* Given information:

________________________

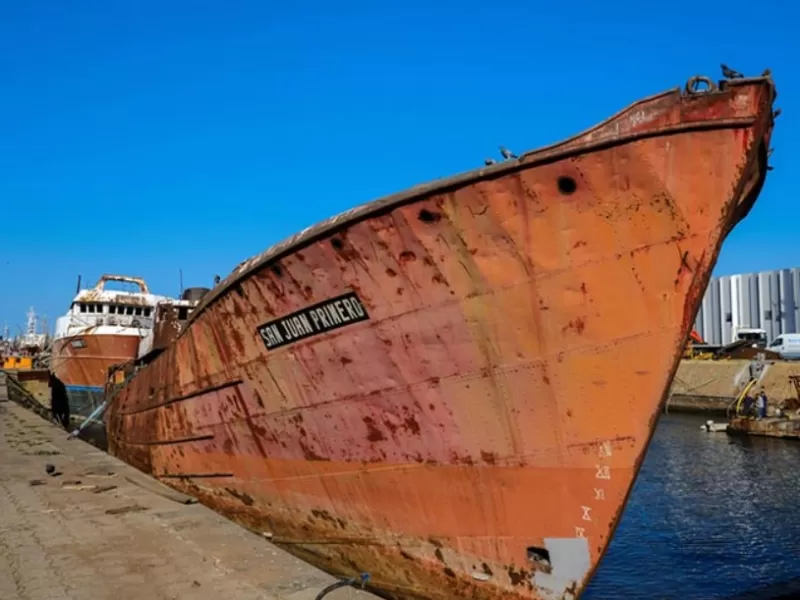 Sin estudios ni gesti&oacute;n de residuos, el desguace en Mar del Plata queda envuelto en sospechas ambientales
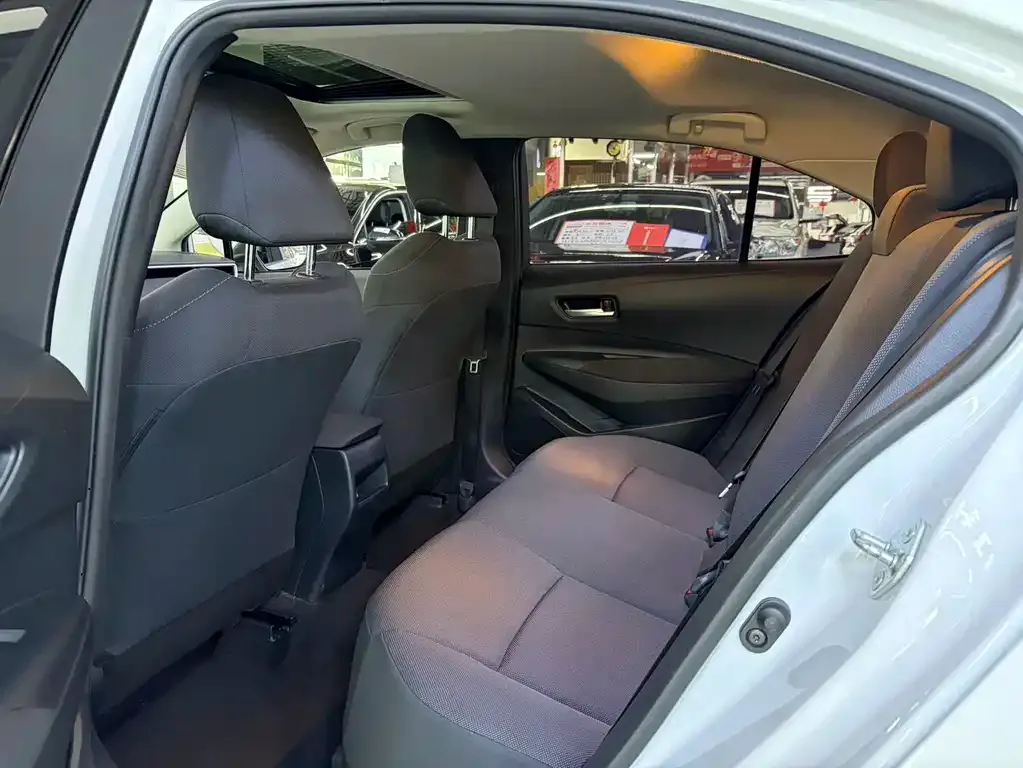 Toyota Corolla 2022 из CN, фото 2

________________________

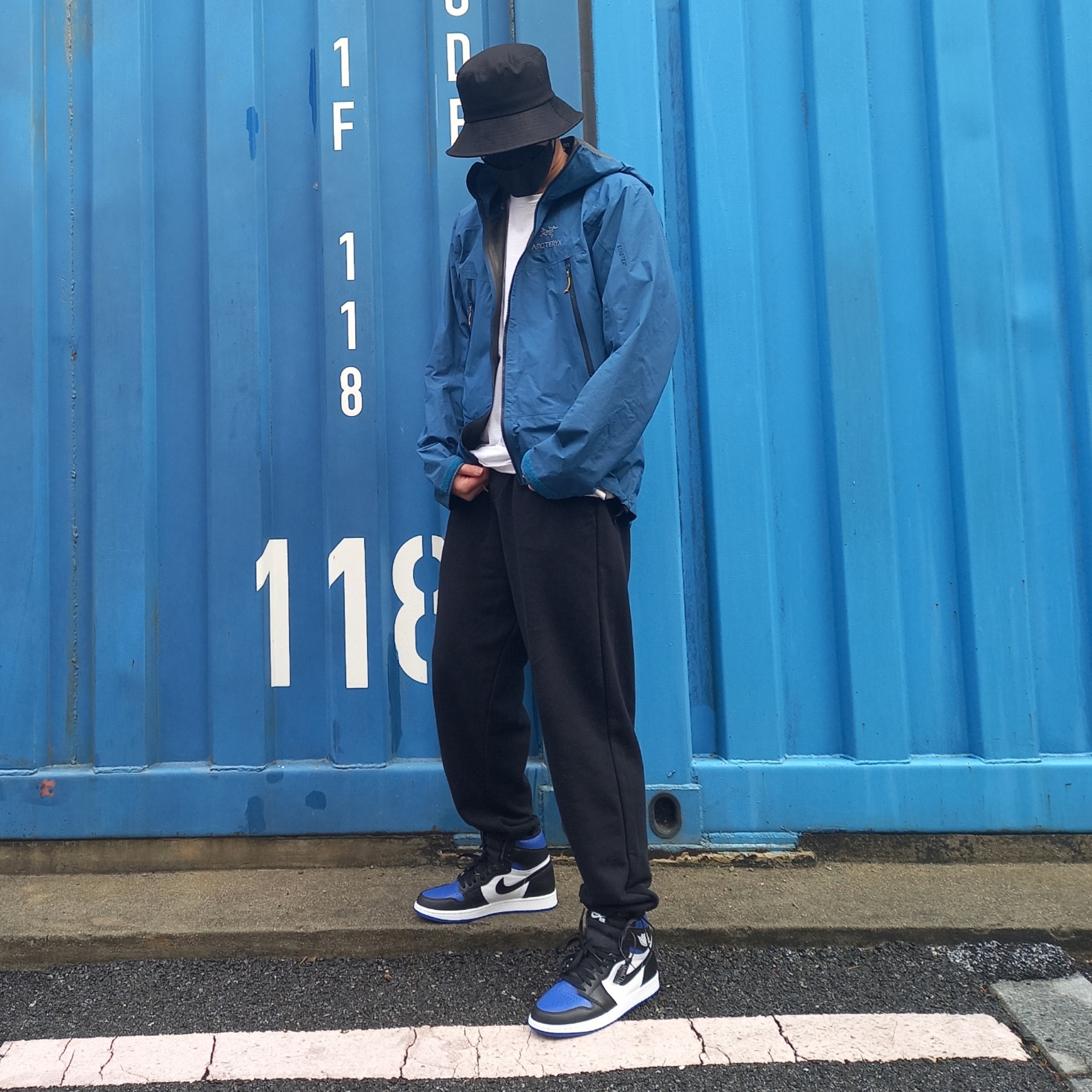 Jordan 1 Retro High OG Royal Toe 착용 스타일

________________________

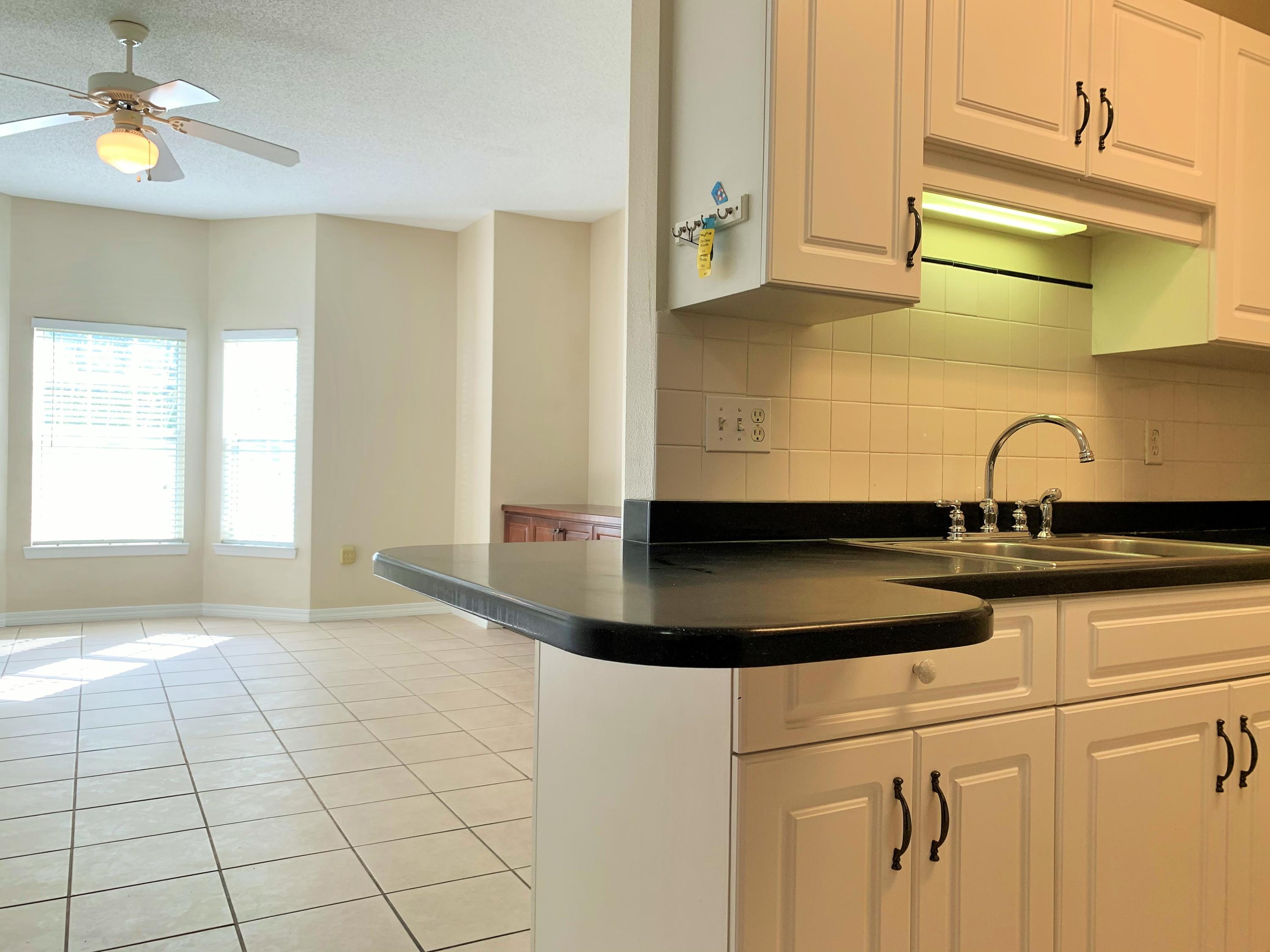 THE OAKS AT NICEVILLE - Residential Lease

________________________

* Task directions: From the data above, retype only the lines starting with the line with "Sin estudios ni" and going on through the line with "Toyota Corolla 2022 из CN, фото 2", exactly, leaving out the pictures.

* Response to this exercise:
 Sin estudios ni gesti&oacute;n de residuos, el desguace en Mar del Plata queda envuelto en sospechas ambientales
 Toyota Corolla 2022 из CN, фото 2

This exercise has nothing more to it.